■ **ACTIVITY**: The entire set of lines below should be copied exactly.

(Data extracted from a collection)
+===+

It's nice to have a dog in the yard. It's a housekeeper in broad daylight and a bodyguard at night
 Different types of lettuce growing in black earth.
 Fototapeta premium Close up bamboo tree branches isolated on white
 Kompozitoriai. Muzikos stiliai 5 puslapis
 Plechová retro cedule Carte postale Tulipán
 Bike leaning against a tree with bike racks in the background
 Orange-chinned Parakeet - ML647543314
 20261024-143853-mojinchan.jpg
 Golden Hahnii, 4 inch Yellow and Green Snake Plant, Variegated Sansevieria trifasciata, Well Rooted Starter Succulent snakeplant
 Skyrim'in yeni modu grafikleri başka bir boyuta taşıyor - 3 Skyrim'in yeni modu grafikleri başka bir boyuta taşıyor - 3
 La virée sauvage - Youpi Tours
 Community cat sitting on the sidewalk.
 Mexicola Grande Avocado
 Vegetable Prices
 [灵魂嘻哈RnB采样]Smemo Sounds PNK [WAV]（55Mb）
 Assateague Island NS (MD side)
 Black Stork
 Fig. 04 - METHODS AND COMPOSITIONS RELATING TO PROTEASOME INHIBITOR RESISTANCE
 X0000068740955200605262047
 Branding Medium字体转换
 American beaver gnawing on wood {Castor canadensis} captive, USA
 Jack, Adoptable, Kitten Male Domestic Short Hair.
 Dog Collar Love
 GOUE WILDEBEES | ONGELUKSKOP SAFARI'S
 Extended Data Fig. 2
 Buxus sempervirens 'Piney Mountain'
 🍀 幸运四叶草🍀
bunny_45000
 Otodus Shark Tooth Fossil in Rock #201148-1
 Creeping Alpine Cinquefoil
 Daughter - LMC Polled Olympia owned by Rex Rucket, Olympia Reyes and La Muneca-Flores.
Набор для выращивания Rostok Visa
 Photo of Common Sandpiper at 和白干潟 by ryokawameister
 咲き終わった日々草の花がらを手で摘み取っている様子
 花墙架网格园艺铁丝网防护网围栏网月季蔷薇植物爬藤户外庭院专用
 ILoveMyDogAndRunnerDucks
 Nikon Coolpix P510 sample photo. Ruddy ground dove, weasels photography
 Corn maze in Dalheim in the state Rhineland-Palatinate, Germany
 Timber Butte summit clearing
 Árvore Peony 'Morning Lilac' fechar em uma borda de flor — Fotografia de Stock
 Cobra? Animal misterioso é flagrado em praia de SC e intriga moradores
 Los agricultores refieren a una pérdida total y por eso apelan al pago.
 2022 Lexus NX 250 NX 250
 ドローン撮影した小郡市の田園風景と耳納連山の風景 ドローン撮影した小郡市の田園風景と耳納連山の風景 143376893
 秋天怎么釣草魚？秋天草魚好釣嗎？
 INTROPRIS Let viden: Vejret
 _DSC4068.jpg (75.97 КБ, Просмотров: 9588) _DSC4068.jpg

+===+

■ **FINISHED TASK**:
It's nice to have a dog in the yard. It's a housekeeper in broad daylight and a bodyguard at night
 Different types of lettuce growing in black earth.
 Fototapeta premium Close up bamboo tree branches isolated on white
 Kompozitoriai. Muzikos stiliai 5 puslapis
 Plechová retro cedule Carte postale Tulipán
 Bike leaning against a tree with bike racks in the background
 Orange-chinned Parakeet - ML647543314
 20261024-143853-mojinchan.jpg
 Golden Hahnii, 4 inch Yellow and Green Snake Plant, Variegated Sansevieria trifasciata, Well Rooted Starter Succulent snakeplant
 Skyrim'in yeni modu grafikleri başka bir boyuta taşıyor - 3 Skyrim'in yeni modu grafikleri başka bir boyuta taşıyor - 3
 La virée sauvage - Youpi Tours
 Community cat sitting on the sidewalk.
 Mexicola Grande Avocado
 Vegetable Prices
 [灵魂嘻哈RnB采样]Smemo Sounds PNK [WAV]（55Mb）
 Assateague Island NS (MD side)
 Black Stork
 Fig. 04 - METHODS AND COMPOSITIONS RELATING TO PROTEASOME INHIBITOR RESISTANCE
 X0000068740955200605262047
 Branding Medium字体转换
 American beaver gnawing on wood {Castor canadensis} captive, USA
 Jack, Adoptable, Kitten Male Domestic Short Hair.
 Dog Collar Love
 GOUE WILDEBEES | ONGELUKSKOP SAFARI'S
 Extended Data Fig. 2
 Buxus sempervirens 'Piney Mountain'
 🍀 幸运四叶草🍀
bunny_45000
 Otodus Shark Tooth Fossil in Rock #201148-1
 Creeping Alpine Cinquefoil
 Daughter - LMC Polled Olympia owned by Rex Rucket, Olympia Reyes and La Muneca-Flores.
Набор для выращивания Rostok Visa
 Photo of Common Sandpiper at 和白干潟 by ryokawameister
 咲き終わった日々草の花がらを手で摘み取っている様子
 花墙架网格园艺铁丝网防护网围栏网月季蔷薇植物爬藤户外庭院专用
 ILoveMyDogAndRunnerDucks
 Nikon Coolpix P510 sample photo. Ruddy ground dove, weasels photography
 Corn maze in Dalheim in the state Rhineland-Palatinate, Germany
 Timber Butte summit clearing
 Árvore Peony 'Morning Lilac' fechar em uma borda de flor — Fotografia de Stock
 Cobra? Animal misterioso é flagrado em praia de SC e intriga moradores
 Los agricultores refieren a una pérdida total y por eso apelan al pago.
 2022 Lexus NX 250 NX 250
 ドローン撮影した小郡市の田園風景と耳納連山の風景 ドローン撮影した小郡市の田園風景と耳納連山の風景 143376893
 秋天怎么釣草魚？秋天草魚好釣嗎？
 INTROPRIS Let viden: Vejret
 _DSC4068.jpg (75.97 КБ, Просмотров: 9588) _DSC4068.jpg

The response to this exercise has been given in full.